En 2000, les Français approuvaient par référendum le passage du septennat au quinquennat. Vingt ans plus tard, la prophétie de ses détracteurs s’est réalisée : les pouvoirs sont déséquilibrés au profit d’une présidence hypertrophiée.
C’est une des pires réformes de l’histoire
constitutionnelle contemporaine qui a fêté ses 20 ans, jeudi. Le
24 septembre 2000, les électeurs français étaient invités aux urnes pour
répondre à la question suivante : « Approuvez-vous le projet de loi
constitutionnelle fixant la durée du mandat du président de la République à
cinq ans ? » La suite est connue : une large victoire du oui, à 73 %,
mais surtout une très forte abstention, à 69,8 %. Il aura donc suffi
d’environ 7,4 millions de voix (sur 39 millions d’inscrits) pour que
la Ve République change de visage et bascule un peu plus dans
l’hyperprésidentialisation.
Loué comme une manière d’adapter le rôle
du président à une temporalité politique qui s’accélère, le quinquennat produit
son hypertrophie. Car, derrière le passage au mandat de cinq ans, il y avait
surtout un autre projet politique : l’inversion du calendrier électoral, pour
que les élections législatives se tiennent dans la foulée de la présidentielle,
actée par une loi de 2001. La présidentielle devient l’élection nationale qui
conditionne tous les autres scrutins. Le but : enterrer toute cohabitation avec
une majorité parlementaire élue sur le nom du vainqueur. Mais, dans la
manœuvre, c’est surtout le pouvoir de l’Assemblée qui finit dans le cercueil.

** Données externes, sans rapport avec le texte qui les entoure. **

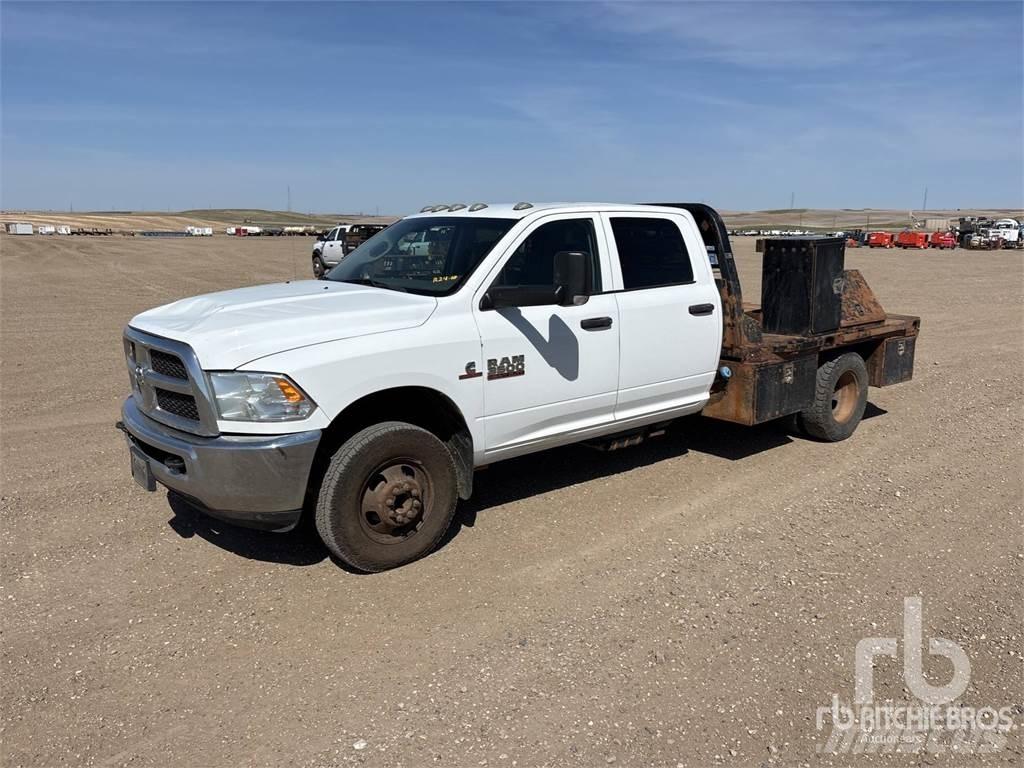 RAM 3500 Φορτηγά Σασί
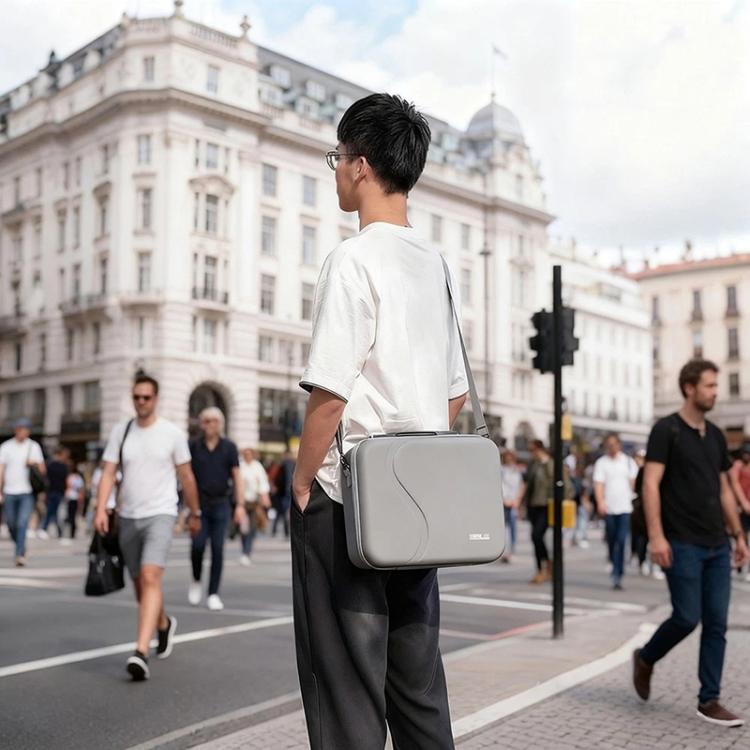For DJI Neo 2 STARTRC Motion Sensing Combo Shoulder PU Storage Bag Handbag, For DJI Neo 2 Motion Sensing Combo - ORIWHIZCases & BagsDJI & Insta360 AccessoriesDJI Neo Accessories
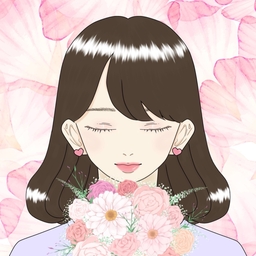花ちるり．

Une abstention majoritaire
Le quinquennat aurait certes pu accoucher
de tout autre chose, si le calendrier avait été maintenu. Des législatives à
mi-mandat permettraient, par exemple, de sanctionner ou d’avaliser la politique
du président. « La réforme de 2000 seule ne suffit pas à expliquer
l’évolution du régime. La clé de l’hyperprésidentialisation, c’est l’inversion
du calendrier électoral, confirme Lauréline Fontaine, constitutionnaliste à
la Sorbonne Nouvelle-Paris-III. Le président a son nez partout, dès
lors que les calendriers législatif et présidentiel se confondent. »
Une omniprésence présidentielle encore plus frappante sous Nicolas Sarkozy et
Emmanuel Macron, qui en ont fait une marque de fabrique. Cela n’a pas échappé
aux détracteurs de la Ve République. Les critiques répétées contre le
régime, qu’elles soient portées par les promoteurs d’une VIe République
davantage parlementariste ou par les gilets jaunes, à travers le référendum d’initiative
citoyenne, vont dans le sens d’un rééquilibrage des institutions.
À l’origine du « péché originel », le
premier ministre Lionel Jospin, alors en cohabitation avec Jacques Chirac. Le
contexte penche en sa faveur : 71 % des Français, lassés des cohabitations,
sont favorables au quinquennat, selon un sondage de l’été 1999. Le chef de
l’État finit par plier et prend l’initiative d’un référendum, pour donner
l’impression que Lionel Jospin a eu le dernier mot sur ce dossier. Pourtant le
président redoute que cela renforce la présidentialisation du régime. En
porte-à-faux, le PCF fait campagne sur le thème de « l’abstention
critique et active », selon la formule du secrétaire national de l’époque,
Robert Hue.
Si l’abstention s’est en effet avérée majoritaire, la réforme,
elle, a produit ses effets délétères. « S’il fallait légiférer à
nouveau, la première chose à faire serait de remettre les législatives au cœur
de la vie politique française, au-delà de la question de la durée du mandat »,
juge la sénatrice PCF Éliane Assassi.